• _Raw data_
----

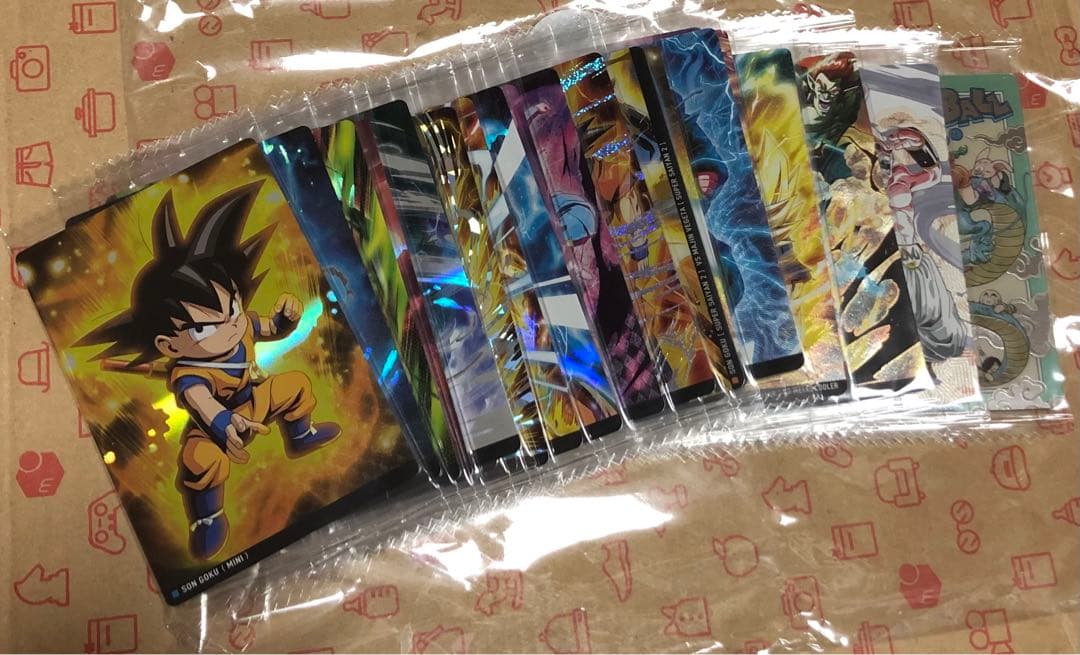 ドラゴンボール イタジャガ 5 コンプリート 30種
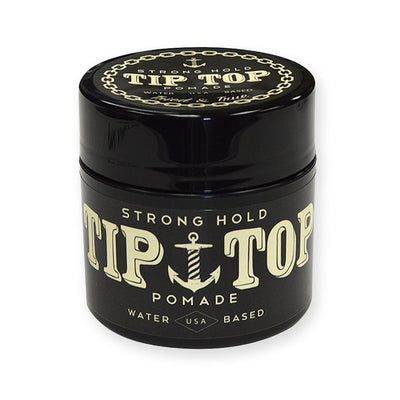 Tip Top Pomade Strong Hold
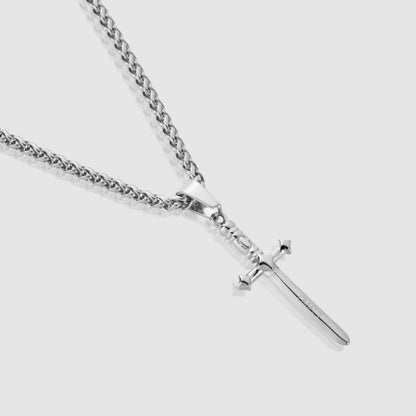 Dagger (Silver)
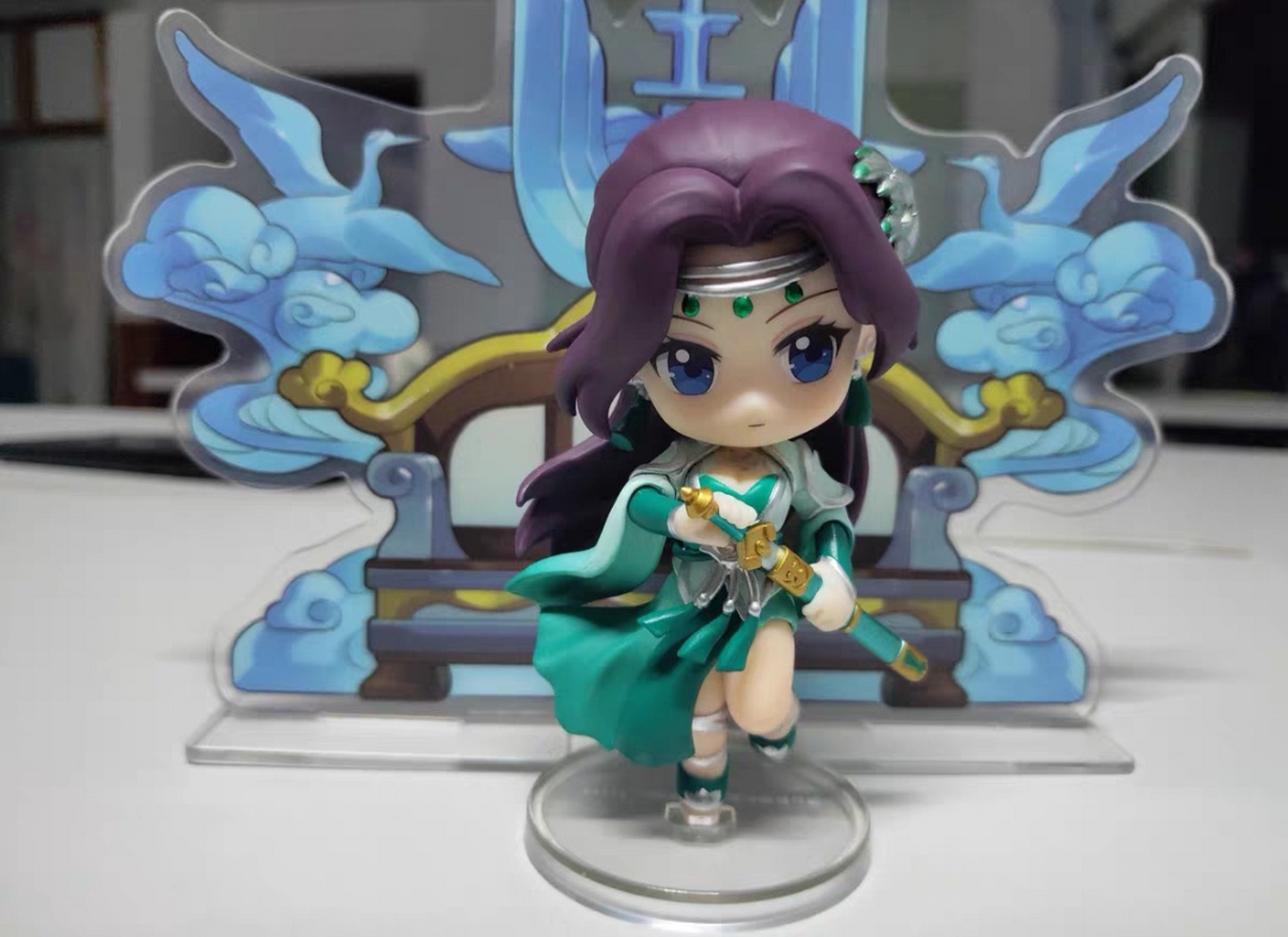 手办# #玩具# #斗破苍穹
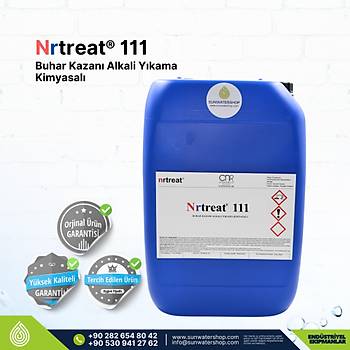Buhar Kazan Alkali Ykama Kimyasal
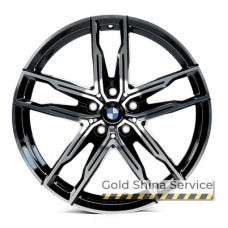 Replica BMW B760 8.5x19 5x112 ET30 DIA66.6 MB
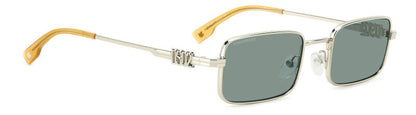 Dsquared2 D2 0104/S Green Men's Sunglasses 52mm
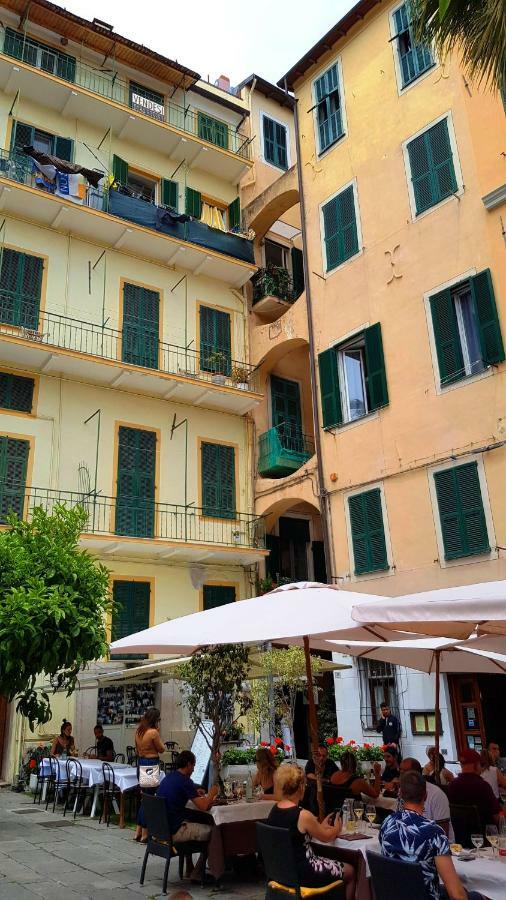 Appartamento In Centro Storico Sanremo Ngoại thất bức ảnh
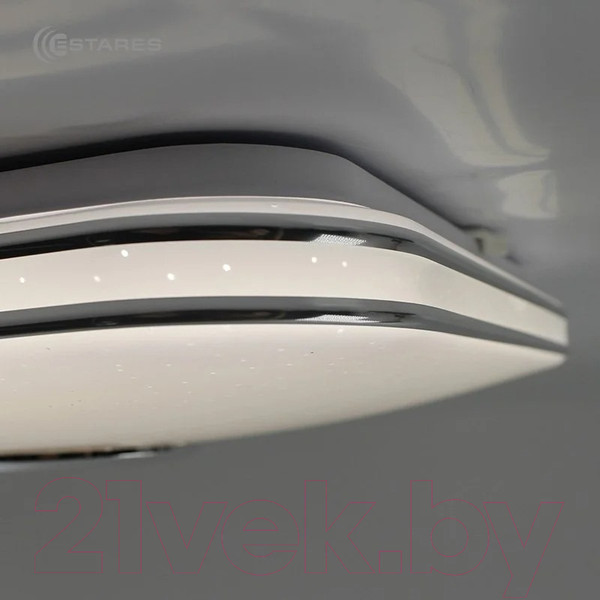 Изображение товара Потолочный светильник Estares Music Rgb 40W S-APP-330-WHITE/CHROME-220-IP20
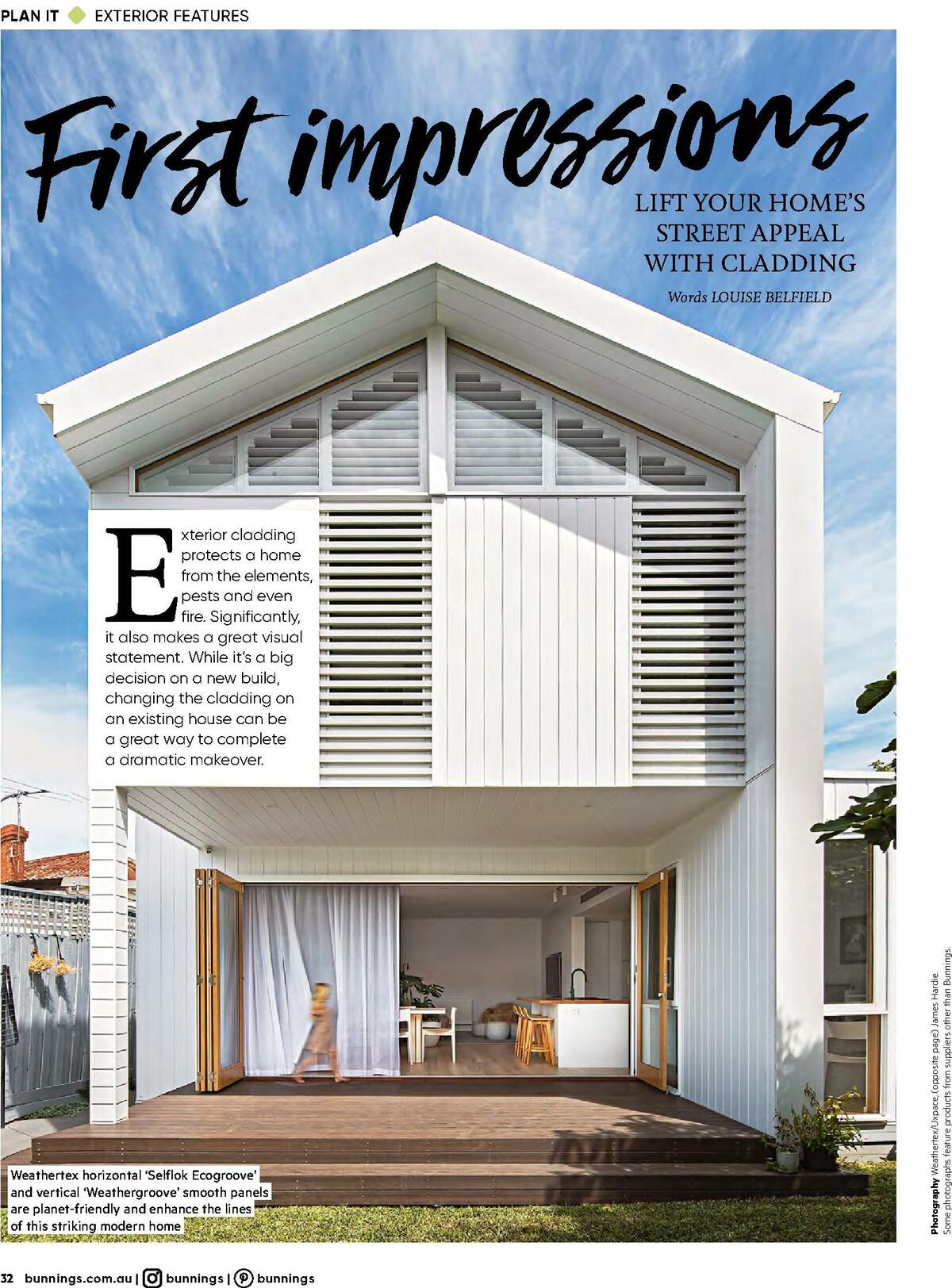 Bunnings Warehouse Magazine October Catalogues from 1 October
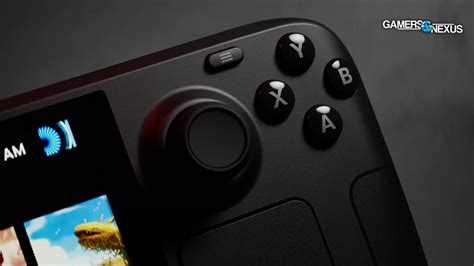 Valve Announces Steam Deck Oled Deck 2 In The Works Gamersnexus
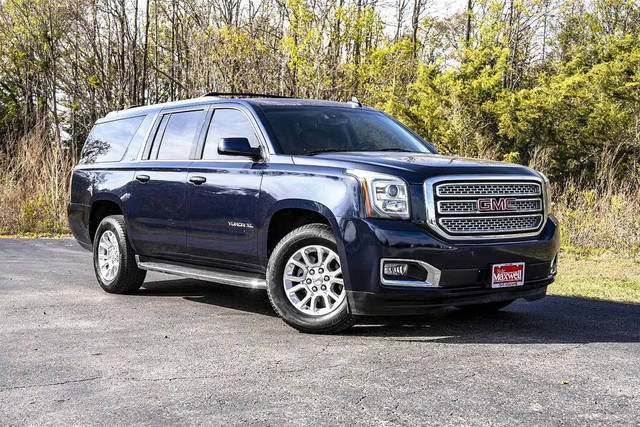 2018 GMC Yukon XL SLT 4WD photo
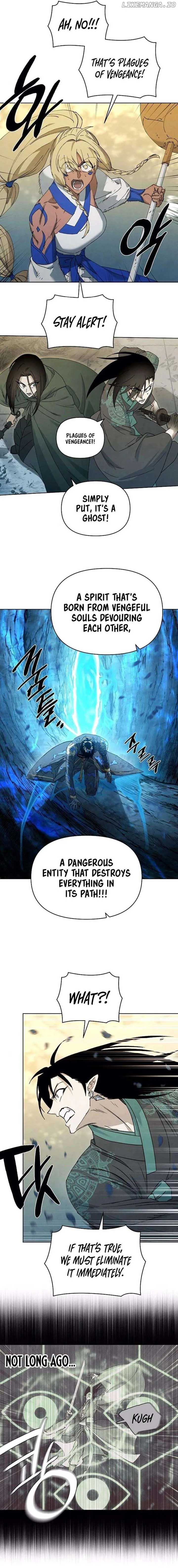 Reincarnated In a Cursed Game Chapter 25 page 3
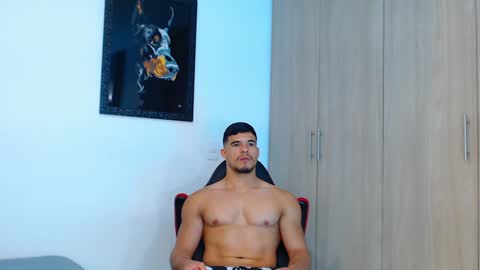 I A N -- H A M M E R online show from 12-22-24, 03:55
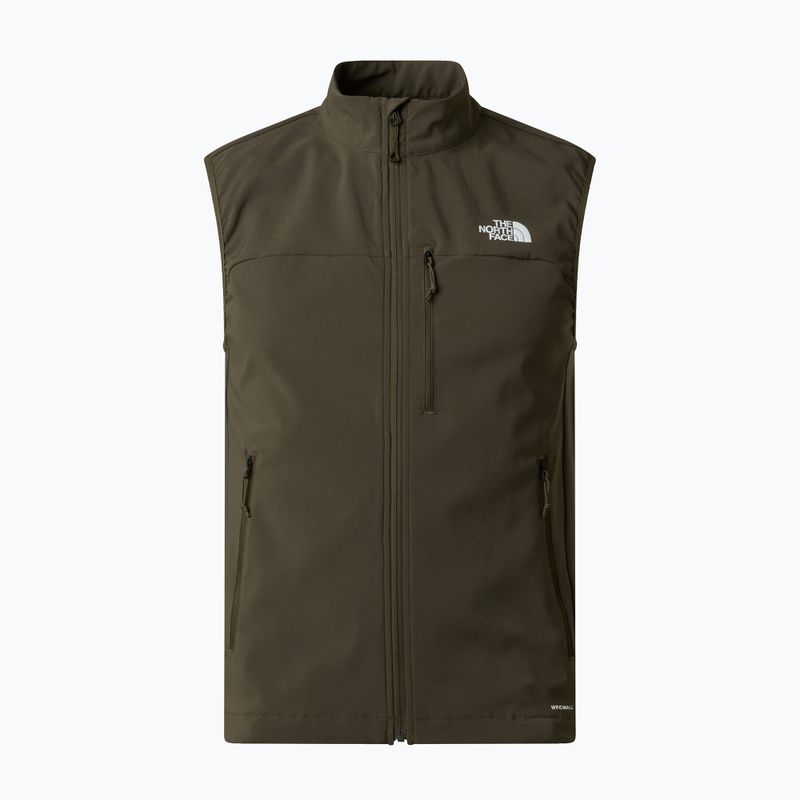 Мъжки елек The North Face Nimble Vest 2 new taupe green 6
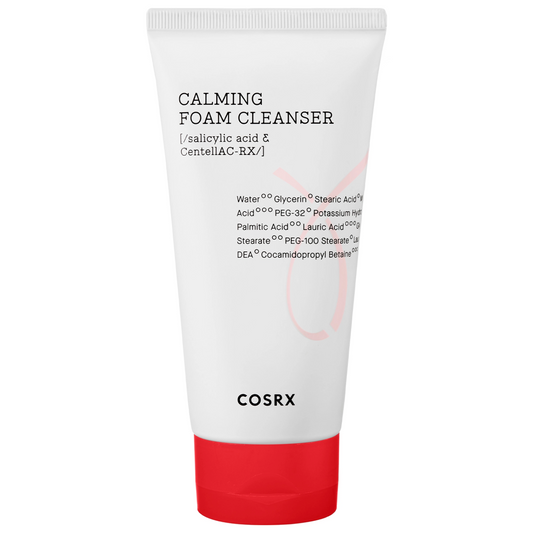 COSRX AC Collection Calming Foam Cleanser veido prausiklis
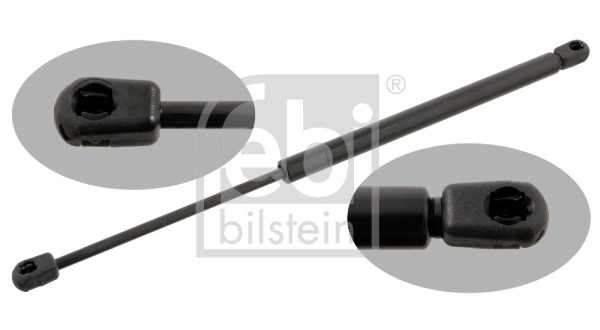 Gas Spring, bonnet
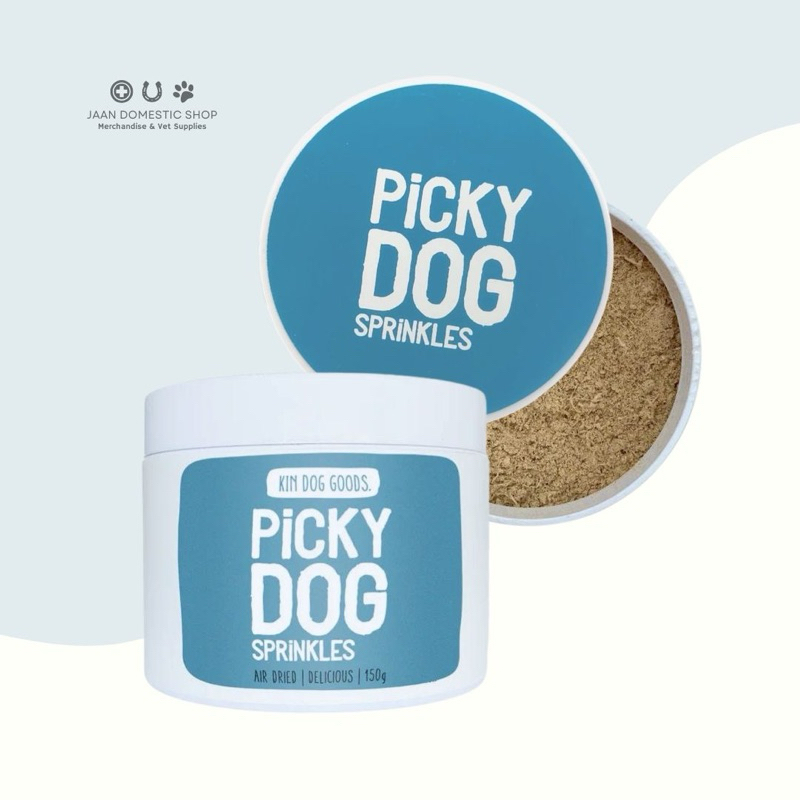 Jual Kin Picky Dog Sprinkles | Shopee Indonesia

----

• _Your goal_
In the records above, everything from the line with "Appartamento In Centro" down to the line with "COSRX AC Collection" must be duplicated exactly, both lines kept. Leave no pictures in.

• _Completed task_
 Appartamento In Centro Storico Sanremo Ngoại thất bức ảnh
 Изображение товара Потолочный светильник Estares Music Rgb 40W S-APP-330-WHITE/CHROME-220-IP20
 Bunnings Warehouse Magazine October Catalogues from 1 October
 Valve Announces Steam Deck Oled Deck 2 In The Works Gamersnexus
 2018 GMC Yukon XL SLT 4WD photo
 Reincarnated In a Cursed Game Chapter 25 page 3
 I A N -- H A M M E R online show from 12-22-24, 03:55
 Мъжки елек The North Face Nimble Vest 2 new taupe green 6
 COSRX AC Collection Calming Foam Cleanser veido prausiklis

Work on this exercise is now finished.